2- Suriye'den bize yansıyan mülteci krizi giderek daha da acil bir hal almış durumda. ABD ve Batı, Türkiye'ye bu konuda yardımcı olmaktan uzak duruyorlar. Amerikalılar beklemekten yana dursalar da, ne dünyanın ne de bizim ABD'nin başkanlık seçimlerini bekleyecek vaktimiz yok. Bu nedenle insani yardım meselesini gerekirse Rusya üzerinden yeniden tartışmaya açmak ve tampon bölgeyi Rusya'nın katkısı ile kurmaya çalışmak da düşünülebilir.
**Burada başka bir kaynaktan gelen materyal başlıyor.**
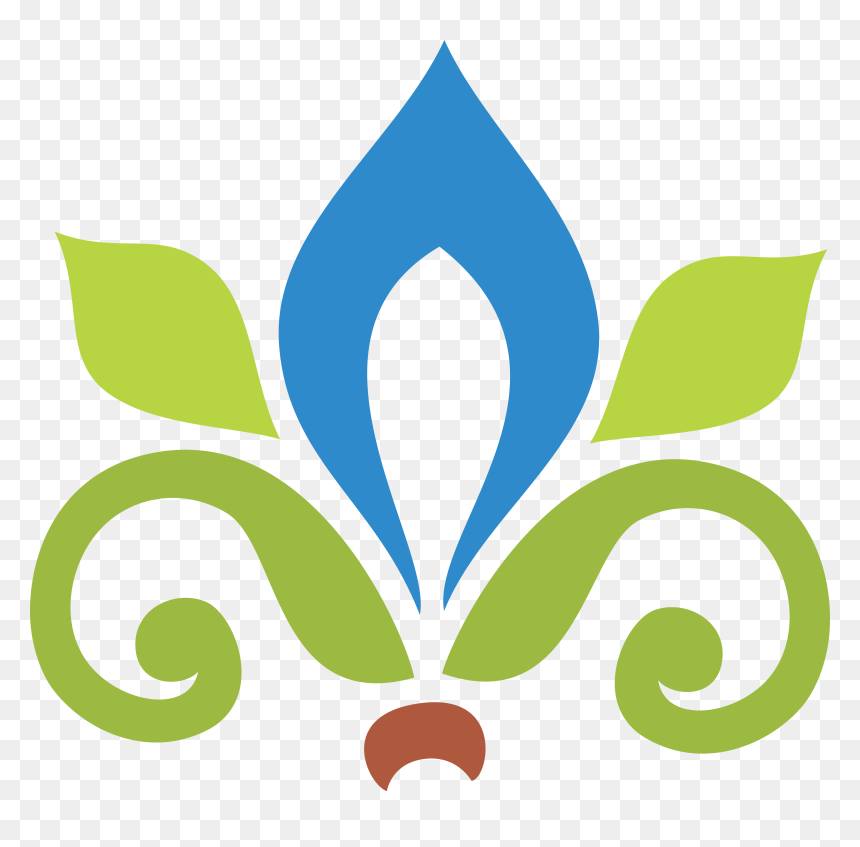 Hindu Leaf Symbol Clipart , Png Download - Hindu Leaf Symbol, Transparent Png - hindu png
O da doğal olarak eksen kayması tartışmalarının başlaması anlamına gelecektir.
3- Bir süredir AB ile ilişkilerimiz kamuoyunun gündeminden kalkmış durumda. Oysa Türkiye'nin Ortadoğu politikasının başarılı olabilmesinin tek yolu, Avrupa ile entegrasyon projesinin dış politikamızın temel hedefi olmaya devam etmesi. Zira esas yönelim Türkiye'nin Ortadoğululaşması değil, Ortadoğu'ya Avrupa fikriyatının taşınması. Büyük proje, bölgede bir barış ve refah ortamının kurulması, Ortadoğu ve Hazar havzasının ekonomik ve kültürel ilişkiler kanalıyla Batı'yla eklemlenmesi. Lakin son dönemde bırakın bir barış politikasını dünyaya ihraç etmeyi, Türkiye kendi içerisinde bile ciddi bir siyasi çatışmadan muzdarip. Kısaca dışı sizi, içi bizi yakıyor.
Zor dönemler zor kararlar gerektiriyor. Bu süreçte en önemli konu derin, objektif ve çok boyutlu değerlendirmelerin yapılabilmesi. Bir an önce politikaların uyumlaştırılmasının yanı sıra, kurumların kendi aralarındaki çatışmaları bırakıp, ortak ve milli bir stratejiyi hayata geçirmesi gerekiyor.